INFORMATION SHOWN.
>>>>

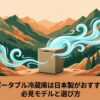 日本製ポータブル冷蔵庫のおすすめモデルと選び方
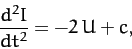 \begin{displaymath}
\frac{d^2 I}{dt^2} = -2\,U + c,
\end{displaymath}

<<<<

WHAT IS BEING ASKED. Leave the pictures out and copy the rest of the data exactly.

RESULT.
 日本製ポータブル冷蔵庫のおすすめモデルと選び方
 \begin{displaymath}
\frac{d^2 I}{dt^2} = -2\,U + c,
\end{displaymath}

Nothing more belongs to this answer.